Covenant: God’s Model for Stewardship

Mark S. Roberti, Director of Stewardship

Heartland Parishes of Ellis County

 

We are all familiar with the Old Covenant and the New Covenant. “Covenant” comes from the Hebrew word “berith”, which is translated into Greek as “diatheke” and means “testament.”  In common usage, the word “testament” in Old Testament days was contract language.  It passed over into religious language, however, to signify the historical relationships which God deigned to establish with the people of Israel and the whole of mankind.  When God uses the word Covenant, it means infinitely more than a contract. God means it as an oath or holy bond between God and His people.  Through our baptism, we become part of this Covenant.  We become part of the New Israel.

 

Old Covenant oaths were sealed in blood.  Even, the New Covenant was sealed in Jesus’ blood. Why?  The clearest explanation I have heard harkens back to the Book of Leviticus. “Since the life of a living body is in its blood, I have made you put it on the altar, so that atonement may thereby be made for our own lives, because it is the blood, as the seat of life, that makes atonement” (Lev 17:11).  In New Covenant language, Jesus, through His one-time sacrifice on the cross, spilled His blood for us.  We don’t have to spill our blood (although we may chose to do so).  Instead, we enter into our Covenant with God through our baptism. 

 

A covenant between God and man is an absolute and unconditional promise confirmed by an oath.  This is quite different than Old or New Testament legal accords through negotiations which culminate in a contract between two equals.
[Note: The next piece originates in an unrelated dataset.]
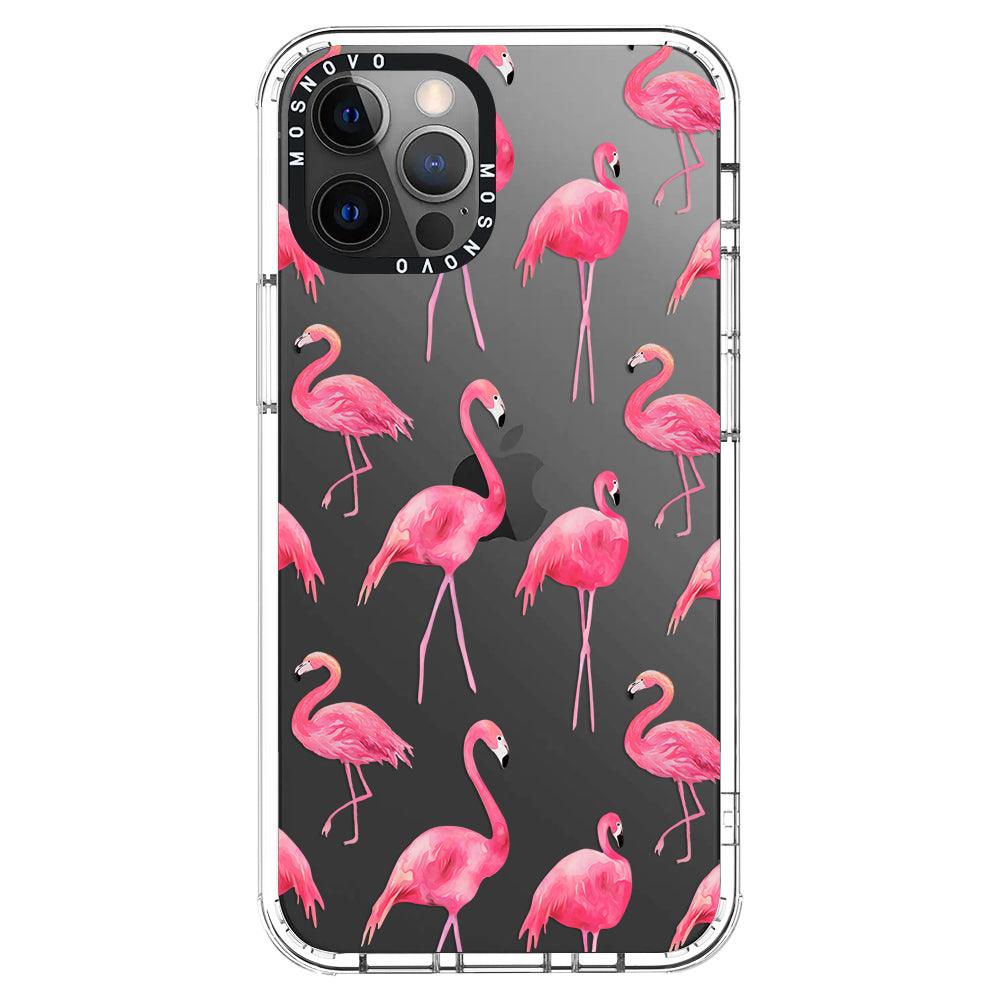 Flamingo Phone Case - iPhone 12 Pro Max Case - MOSNOVO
In fact, the covenants between God and man are more like that of the relationship between a sovereign (ruling) king and a vassal (servant) king of the Old Covenant.  In that type of agreement one king promises to protect the other while the weaker king promises his fidelity to the master king.

 

In our case, because He is the Sovereign, God makes an infinitely greater oath. He promises incredible blessings if we follow this Covenant.  Likewise, He lays out consequences if we don’t.  Our role is to respond with an oath of fidelity and displays of our fidelity to Him. We are to respond with faith!  We can’t really give our Sovereign King more than that.  We have nothing else to give Him.  Everything we have, everything we are, He has given to us.  We are, in truth, only returning to Him what He has already given to us.

 

Yet, it brings God great joy in this relationship when we respond like this in love, we please Him immensely.  As stewards -- and that is what the vassal kings of the Old Testament really were -- we help God in managing His kingdom for the good of all. 

 

In today’s Covenant, the governing element is the Church.  When we pledge and commit to the Church, we are committing to the King.  The Church, through Peter (the Pope), is the King’s prime minister here on earth.  That is how the kingdom is being administered. But this kingdom is so much more personal than a nation, it is a family, a family of love, bonded in that love through the blood Christ spilled on the Cross.   

 

The oath we make in our Baptism, and renew in the Sacrament of Confirmation -- is a sacred family bond to our God and our entire family of faith. 

 

When we fail God and each other by not giving sacrificially of our time, talent, and treasure, we hurt each other.  We hurt the Body of Christ, because we are not really giving from the essence of who we are.  We are giving not the first fruits, but the leftovers.  We cheat, in a sense, on our sacred vow.

 

Unlike a contract, however, the Church, the mediator for the body, does not pull our privileges.  She continues to extend them.  Although she asks us, she demands of us, to be accountable, she constantly cajoles us and calls us, back to Herself.  She asks us to bathe in the sacraments, particularly the Sacrament of Reconciliation.  She asks us to come to the King through Her, to be reconciled in the Eucharist.  She wants to heal us. She wants to bring us to wholeness again.

 

If you are looking for a better, stronger, relationship with God, try to better understand this Covenant, this relationship you have with God your Sovereign. Look to stewardship.  Be looking for ways to give of yourself, sacrificially, to God.  Give of your time in prayer and worship.  Give of your talent in ministry and service.  Give of your treasure through your income and assets.  Stewardship, like our relationship with God, is all about Covenant.